We were asked if we would host this event at the end of April, a regular now in the Herefordshire calendar and we were delighted to do so. My grandmother had been involved with the Red Cross most of her adult life, starting when her family home at Marsh Court, Stockbridge, was turned in to a nursing home during the First World War, so there was a strong family connection.

The event was spread around the grounds, but visitors also had free access to the castle once they had paid for their entry ticket. The stalls mostly sold plants and gardening-related produce. About 2,500 attended, in coolish weather after a hot spell, but it was dry and bright. There were certainly more women than men, although those men that did come were given plenty of plants to carry back to their cars so they had a useful role.

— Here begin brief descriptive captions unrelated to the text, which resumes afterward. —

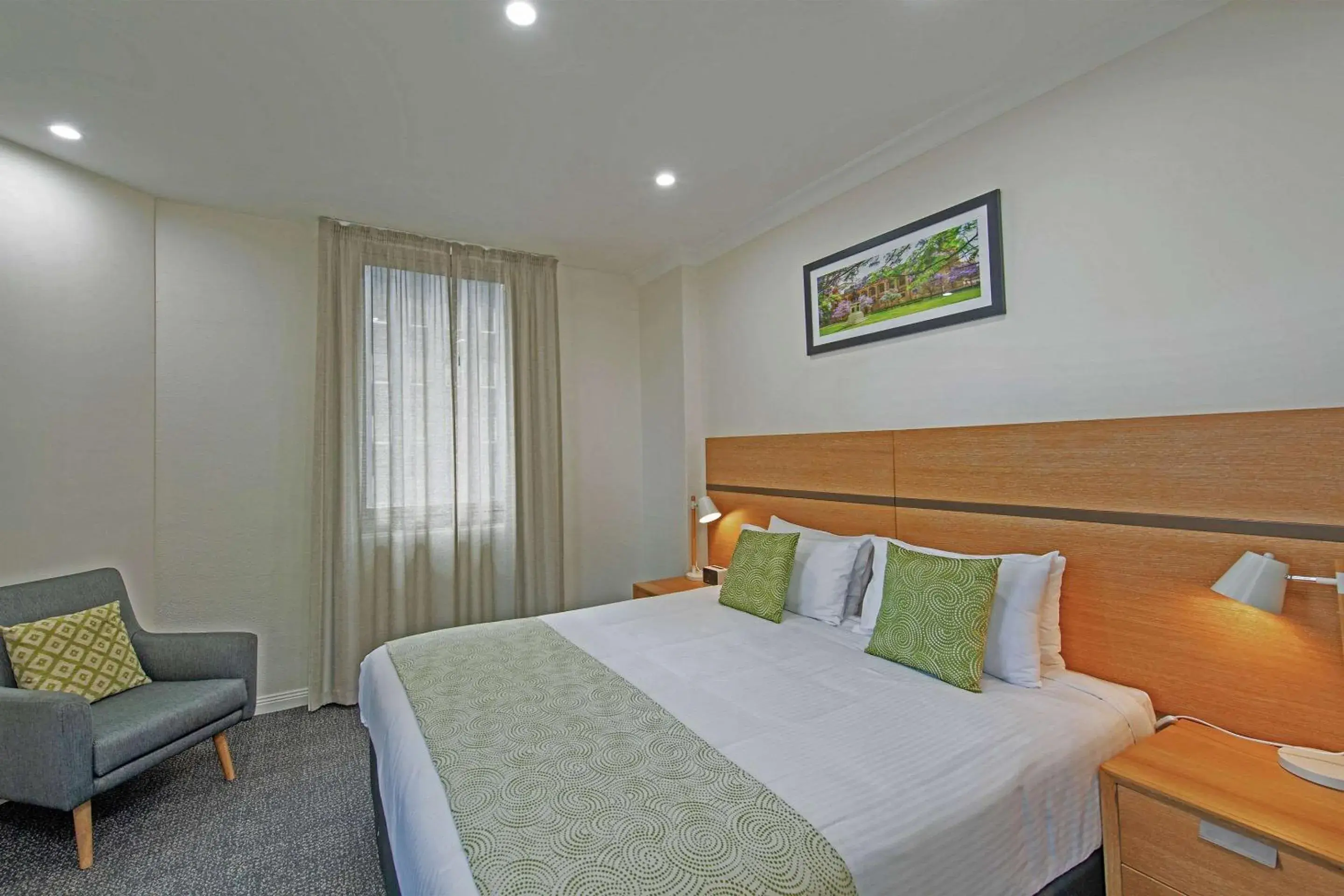 Photo of the whole room, Bed in Quality Apartments Adelaide Central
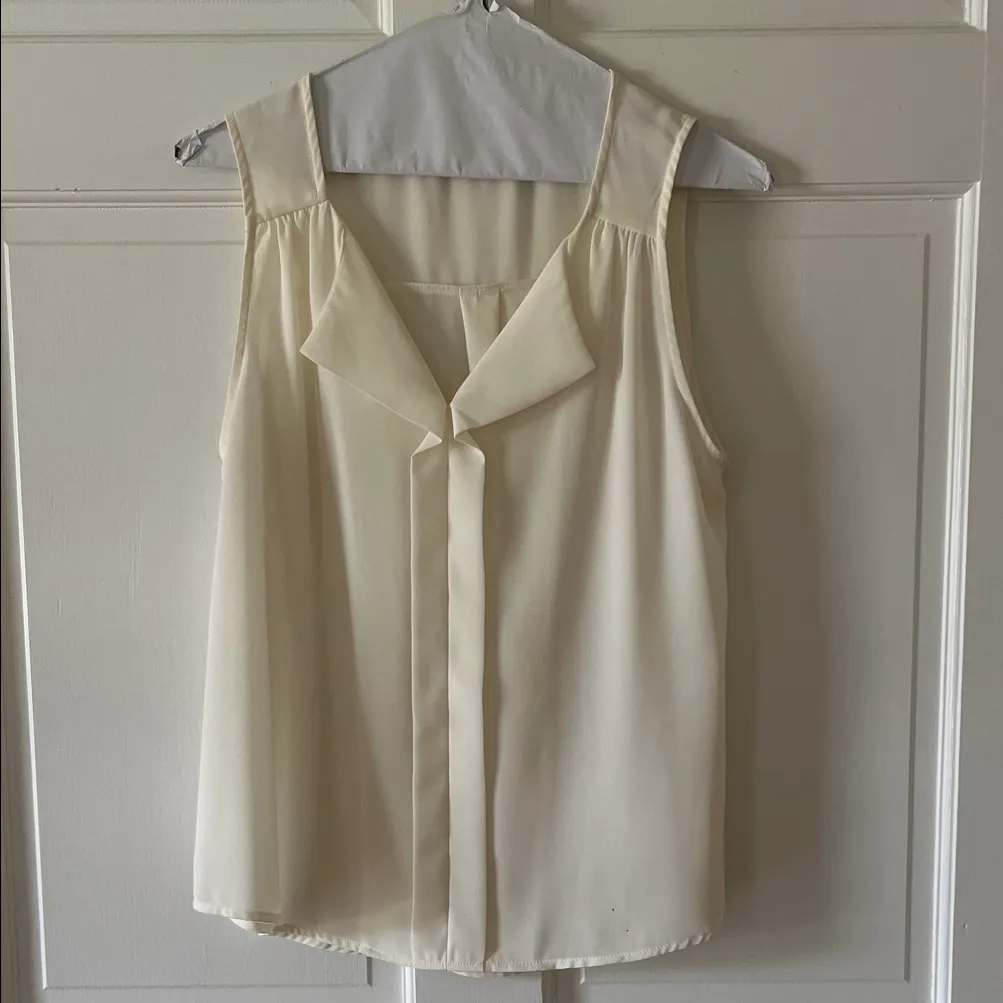 Chic Cream Sleeveless Blouse - Image 4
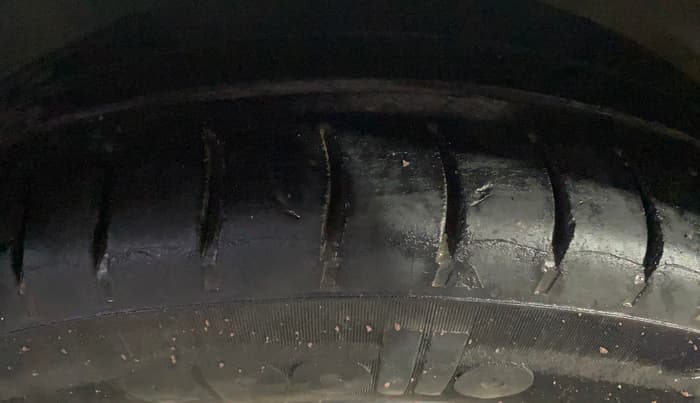 2019 Hyundai Elite i20 SPORTZ PLUS 1.2, Petrol, Manual, 1,35,371 km, Left Front Tyre Tread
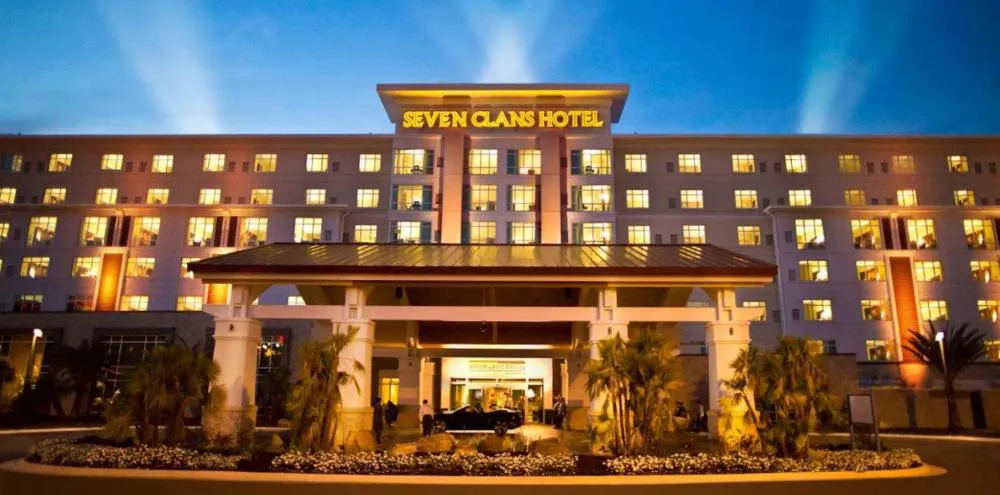 Seven Clans Hotel hotel hero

After a successful day, the Red Cross had raised about £32,000 and the organisers, who had worked very hard to ensure all went well, were very pleased. It was good for us to be associated with such a successful event and to have the chance to welcome so many local people for a good cause. We hope they will come again. We host four or five charity events a year, and this has been one of the best.

JH-B
28th May 2010

When we asked Donald Smith, the restorer we use for painted ceilings, to touch up the Library ceiling this year, he reported a sagging area. On closer inspection, one of the ribs which form the frame of the 44 painted panels, executed when the Library was redecorated by George Fox in the 1860s, had cracked and dropped. Something serious was obviously happening.

We first had a Health & Safety moment and checked to see if the damaged section was about to drop. It appeared secure, so we did not have to support it from below, which would have been quite tricky given the height of the room. We then cleared the furniture from the Queen’s Bedroom above the crack and lifted the floorboards. But before we could see what the problem was, we had to hack away the lathe and plaster layer of sound proofing, which insulates the sound of footsteps, in the days before fitted carpets, in the bedroom from the company in the room below.

Then, we found the cause of the problem straight away. The ceiling was suspended from beams by nails driven in from below. The nails were hand cut (nothing but the best for my forebears) and tapered. A combination of the weight of the plaster and drying out of the wood had caused a few nails to start to pull out of the wood. Their shape did not help.

We could not lift the ceiling back, so after consultation with architect, engineer and our Clerk of Works, Alan Smith, we decided to secure it all with angled brackets. We used Graham Walker and his team from Ledbury to do the work. One of them was thin enough to fit under the floor in the gap above the ceiling to reach the areas inaccessible from above. We hope it will now be secure for the indefinite future but have taken the chance also to photograph all 44 painted panels just in case.